# Photo printer suggestions?



## terri (Jul 16, 2021)

I've been using an Epson Photo 2200 printer for many, many years.    Ink is now about impossible to get, and it's time to move on!

I would love suggestions for a photo printer that uses pigment-based ink (not dyes), and one that you can personally vouch for against roller marks on glossy paper.   Pretty sure I'm limited to Canon and Epson, but is there anything else I'm overlooking?    I know I'm looking upwards of 1,000 USD, too, for what I'm after.   

Ideas?   Testimonials?   Thanks!


----------



## Original katomi (Jul 17, 2021)

I have been looking at the canon pro 1 a3 printer
 Look at the ink costs. I have seen way too many cases where someone has bought the latest 12 ink printer then sold it off for next to nothing because they can’t afford the inks


----------



## jcdeboever (Jul 17, 2021)

I've been looking myself... what a rabbit hole. I am researching the Epson Stylus Photo R2000 as of late. I guess the good thing is this type of printer is somewhat limited.


----------



## terri (Jul 17, 2021)

It is a rabbit hole.    I'm annoyed with myself that my stash dwindled to this point, not keeping up.  


I have a few cartridges left of varying colors but missing several, and they can't be replaced.   Watching the levels go down while I research.


----------



## vintagesnaps (Jul 17, 2021)

I have a Canon Pixma, don't know the model number offhand. It's a pretty red, goes with my small kitchen appliances (for all the good that is!). And much less big and clunky like my old one.

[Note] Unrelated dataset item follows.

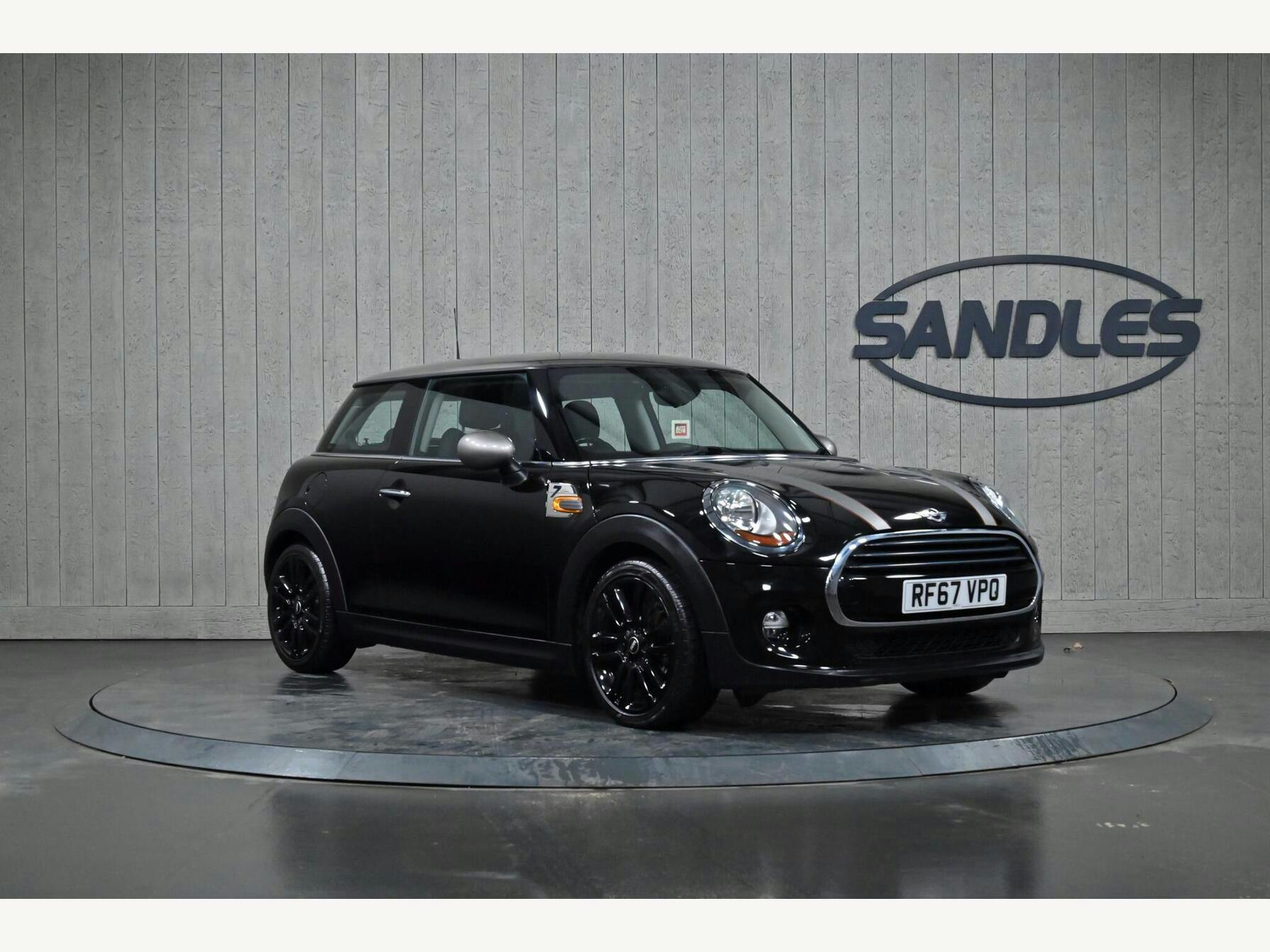 Mini Hatch 1.5 Cooper Seven Euro 6 (s/s) 3dr Hatchback 2017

It has 6 tanks, 2 black and a gray; at least one of the tanks is pigment. It works well for printing my own 8x10s. Scanned in B&W darkroom prints and got nice copies that at first glance look the same, up close you can see the difference in paper, gloss, etc. 

Next time I'd probably want something considered pro to be able to make larger prints. And maybe an option for more pigment tanks. Printers do suck down those little tanks of ink pretty fast, don't they?!


----------



## Rickbb (Jul 18, 2021)

I purchased a Canon Pro a3+ size last year, best photo printer I’ve ever owned. Better prints than any from a ”pro service” I’ve seen.


----------



## terri (Jul 18, 2021)

Rickbb said:


> I purchased a Canon Pro a3+ size last year, best photo printer I’ve ever owned. Better prints than any from a ”pro service” I’ve seen.


Thank you.   How is it with glossy paper?    My old Epson has been bad with glossy paper: pizza wheel marks and some ghastly roller lines.   

Does the Canon ever leave marks like these?


----------



## Rickbb (Jul 19, 2021)

terri said:


> Thank you.   How is it with glossy paper?    My old Epson has been bad with glossy paper: pizza wheel marks and some ghastly roller lines.
> 
> Does the Canon ever leave marks like these?


Only thing I’ve noticed is sometimes on 13 x19 paper it will fold a corner over about a 1/4 to 1/2 inch when feeding. I mostly use satin finish for large prints, but lots of glossy 4 x 6 prints. Have yet to see any streaks of any kind, at least until ink runs out. It doesn’t like it when I tell it to keep printing when it warns me that one of the cartridges is out, but I always squeeze more out them that way.


----------



## terri (Jul 19, 2021)

Thanks!   That's helpful info.


----------